One fourth of workers have no retirement savings.
Given the importance of being prepared for retirement, seeing that a large fraction of what the Fed designates “non-retirees” are unprepared is what concerns me most.
The report claims that this number is age dependent, and people who are closer to “retirement age” are more prepared, but there is significant ambiguity as to when that retirement age will be, as the Fed’s own report states that “unanticipated life events contributed to the timing of retirement for a substantial share.”
More significant, however, may be the problems faced by those who are saving.
Of those who do have retirement savings, less than 4 in 10 feel their retirement savings are on track.
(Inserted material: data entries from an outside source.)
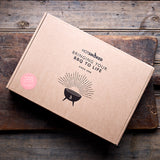 Wood Smoking Chips Collection box closed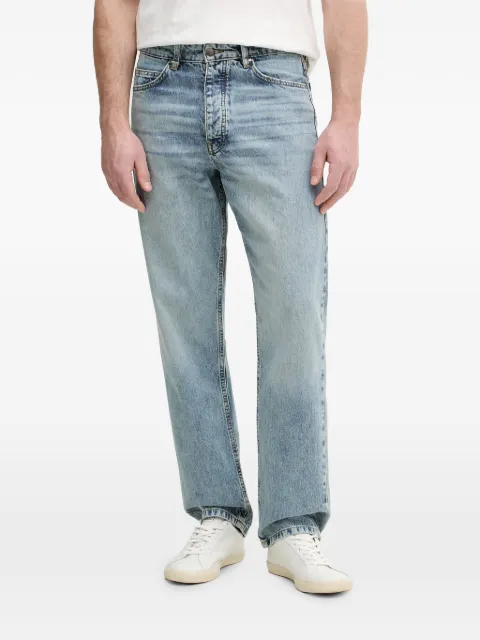 Benetton straight-leg five-pocket jeans Blue 4VKEUE01D902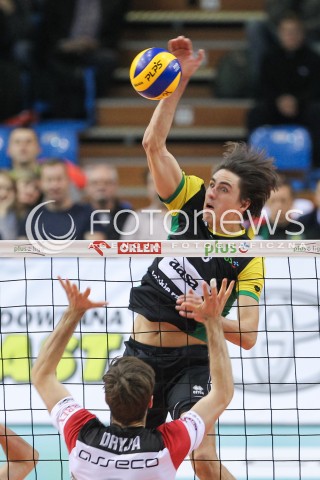  12.11.2016 RZESZOW<br />SIATKOWKA PLUSLIGA 2016/2017 MEN VOLLEYBALL POLAND POLISH PLUS LIGA LEAGUE SEASON 2016/2017<br />MECZ ASSECO RESOVIA RZESZOW - GKS KATOWICE <br />N/Z TOMASZ KALEMBKA <br /> 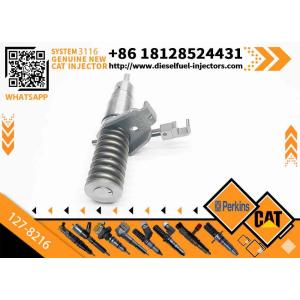 Cat 3114 3116 Diesel Fuel Injector Engine 127-8216 1278216 0R-8682 Excavator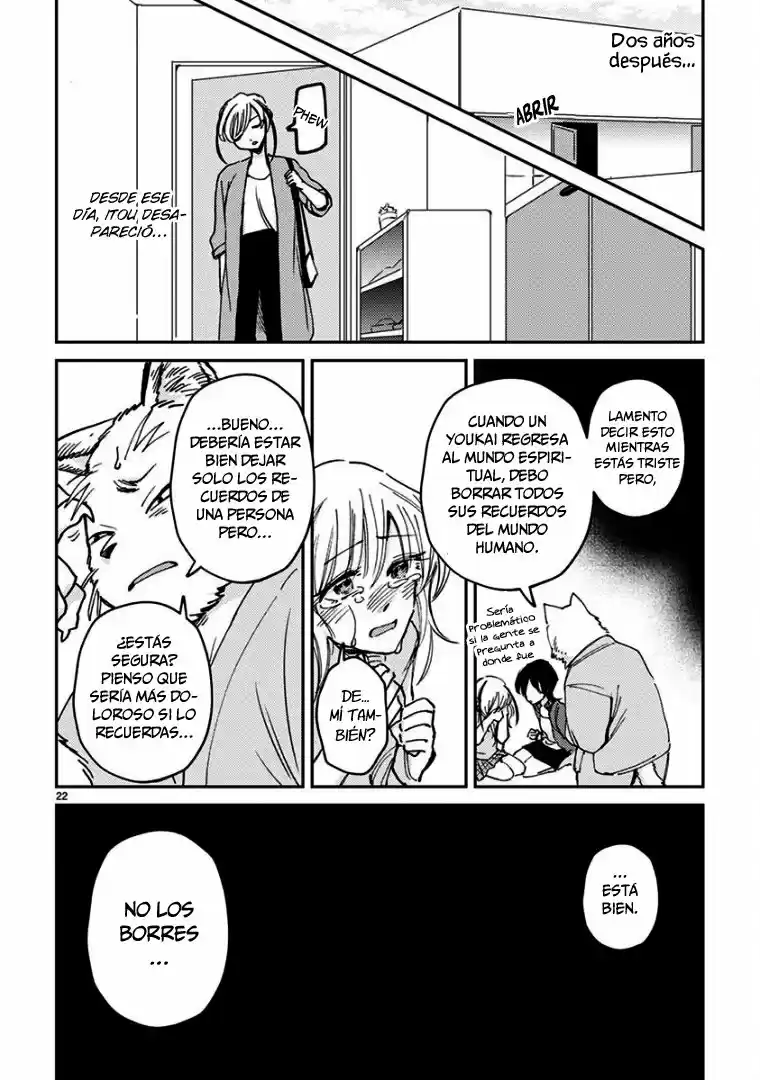 Itou-kun Wa Koi Wo Shiranai - Capítulo 17 - Página 22 - LectorTMOo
While many people put a lot of effort and money into saving for retirement, planning for economic instability and the rising cost of living, can make anticipating what you need difficult. This could be why millions of Americans feel dissatisfied with their current retirement trajectory.
Whether you are looking to make changes to your current retirement savings vehicle to gain more satisfaction or start saving for the first time, a self-directed IRA may be worth considering.
A self-directed IRA allows you to hold alternative assets in a tax-advantaged retirement account. In additional to stocks, bonds, and mutual funds, you can select more diversified asset options in a self-directed IRA, including real estate, undeveloped land, and precious metals. By allowing these other assets to enter the fold, you can diversify your overall retirement portfolio with more opportunities for growth. At the same time, your portfolio can be more insulated from the trouble seen in retirement accounts that hold solely paper-based assets and can be vulnerable to market volatility.
For Americans who want to make the most of their retirement—and perhaps avoid the pitfalls in retirement planning that millions seem to be facing—now could be the best time to consider rolling over a portion of a traditional IRA into a self-directed IRA.